Trituró huesos, arrancó carne, bebió sangre.

Al llegar a la altura de las rodillas, el corazón del hombre colapsó.

-Una pena-se dijo- Son mucho más sabrosos vivos.

Las garras soltaron su presa, y ella la devoró sin prisas, metódicamente.

Los poderosos jugos gástricos de su estómago disolvían todo lo que ingería. Sólo dejó una mata de cabello gris junto al puñado de ropa descartada.

Observó con desprecio el arma y los demás enseres del hombre.

-Basura, pura basura- escupió.

Ya había tomado su aperitivo. Ahora seguía el plato principal.

Los cuatro cazadores restantes estaban junto a una fogata, bebiendo cerveza y riéndose de sus  estúpidos chistes de borrachos.

Baba Yagá se abalanzó sobre ellos, reduciéndolos con su fuerza sobrenatural. Mientras tres  intentaban vanamente deshacerse de las garras que apresaban sus cuellos, presenciaron desesperados y alucinados, entre la sensación de asfixia y horror, como la extraña y horrible criatura narigona se comía a mordiscones a su amigo.

El puma y otros animales que hubieran perecido  esa noche por las balas de los cazadores, se congregaron en un círculo alrededor de la escena.

Baba Yagá devoró uno a uno a los hombres, sin que su magro cuerpo denotara en lo más mínimo la opípara comilona ingerida.

Su vestido absorbió la sangre que lo empapaba, y se oscureció secándose en el acto.

Las bestias se acercaron. Ella las acarició mansamente, bendiciéndolas.

Su hambre, por ahora, estaba saciada.

 



Después de vagar por el bosque con su cortejo de garras y animales, llenando su ser con la energía de la naturaleza, y lamentándose de los pocos reductos que quedaban en el planeta por la irresponsabilidad y abuso de los humanos, las primeras luces del alba se perfilaron insipientes.

Entró en su cabaña, retrayendo la escalera.

Su materia sufrió una ligera modificación, haciéndola invisible a ella y su entorno.

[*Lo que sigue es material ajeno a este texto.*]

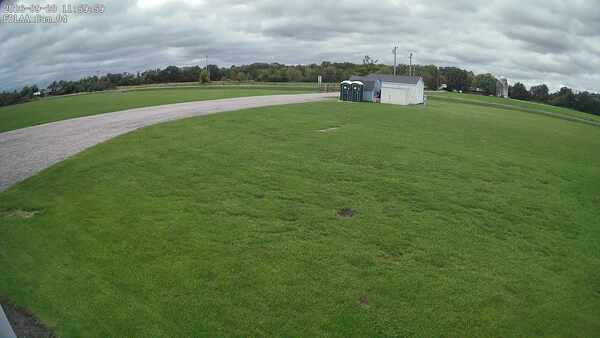 West Camera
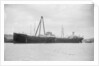 'Oleander' (Br, 1922) by unknown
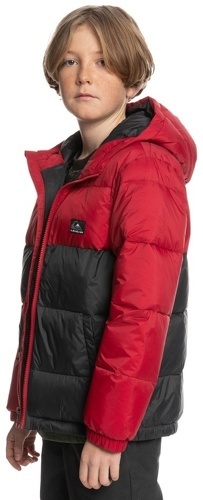 QUIKSILVER-Wolfs Shoulders Doudoune-3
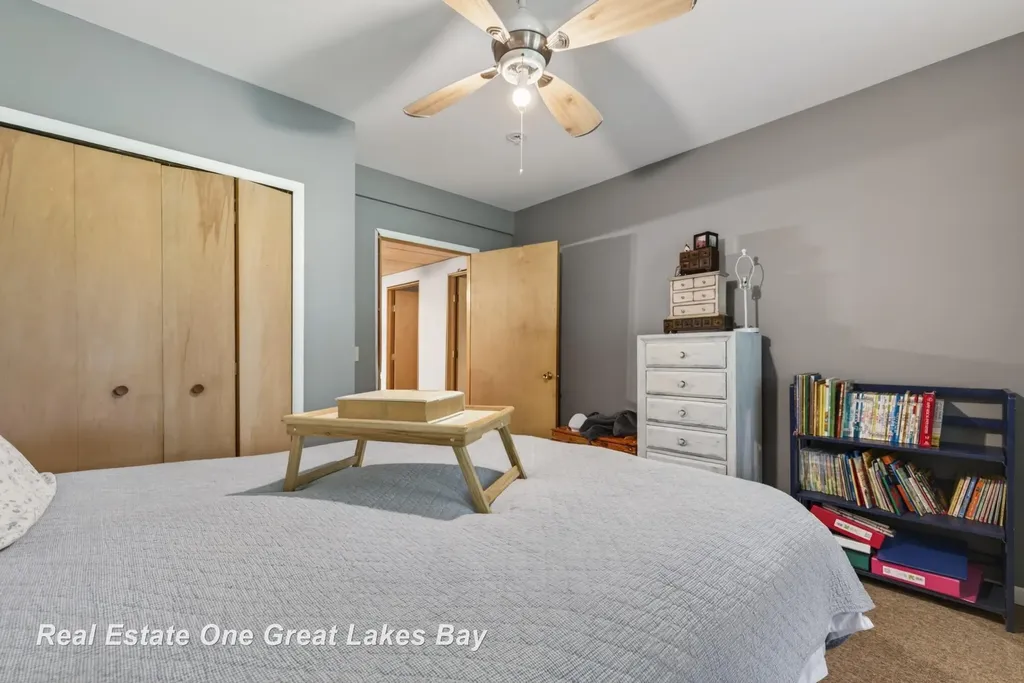 6153 Marathon Road Marathon Township MI 48464
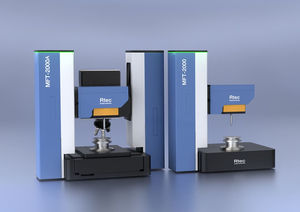 Tribometer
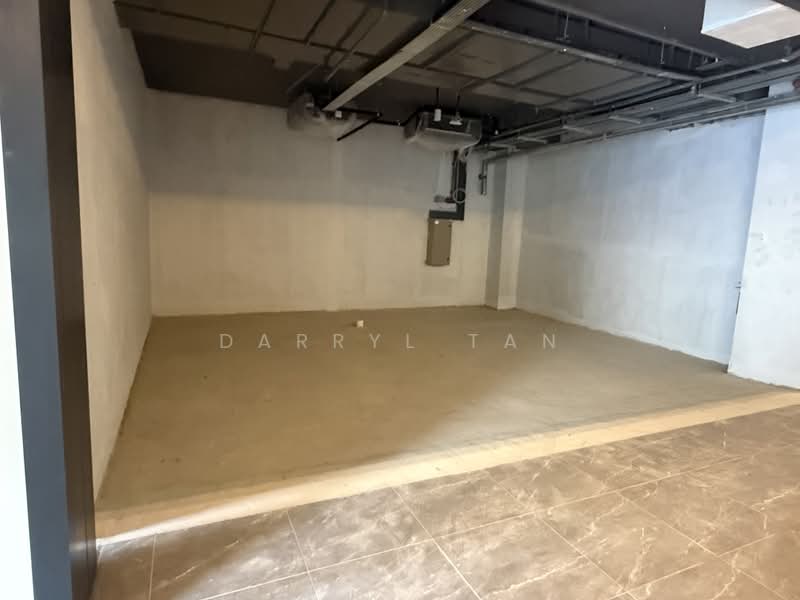 Sceneca Residence, Tanah Merah Kechil Link, 936 sqft, Food & Beverage For Rent, by Darryl Tan, 500168592 - Interior - CommercialGuru.com.sg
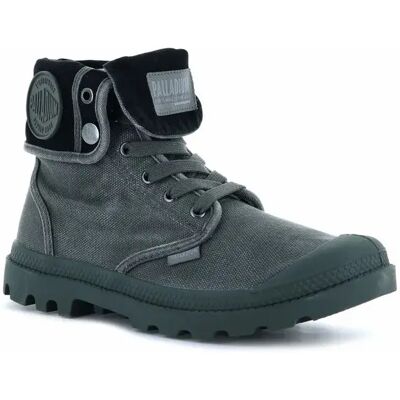 Bottines Palladium Baggy Vert 41,5 - Publicité Bottines Palladium Baggy Vert 41,5 - Publicité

Con la luz del día, prefería entrar en un estado latente, de introspección.

En su lecho de madera, huesos y paja, estirada y tranquila, caviló sobre su existencia.

Hubo un tiempo, miles de años antes de que surgiera la galaxia, en que era una fuerza inmaterial femenina.

Los Hacedores la eligieron por su potencial con una misión a futuro.

-En la danza del cosmos nacerá un planeta, al que en algún momento llamarán tierra. Tendrás forma material, y morarás en él.

Conocerás cada criatura, piedra y fenómeno que acontezca. Tomarás de su energía, y aprenderás.

Descansarás en los ciclos que te asignemos, volviendo al no ser.

Cuando sientas que conoces en profundidad la tierra, surgirá una especie a la que prestarás especial atención.

Posiblemente ellos te veneren o te teman.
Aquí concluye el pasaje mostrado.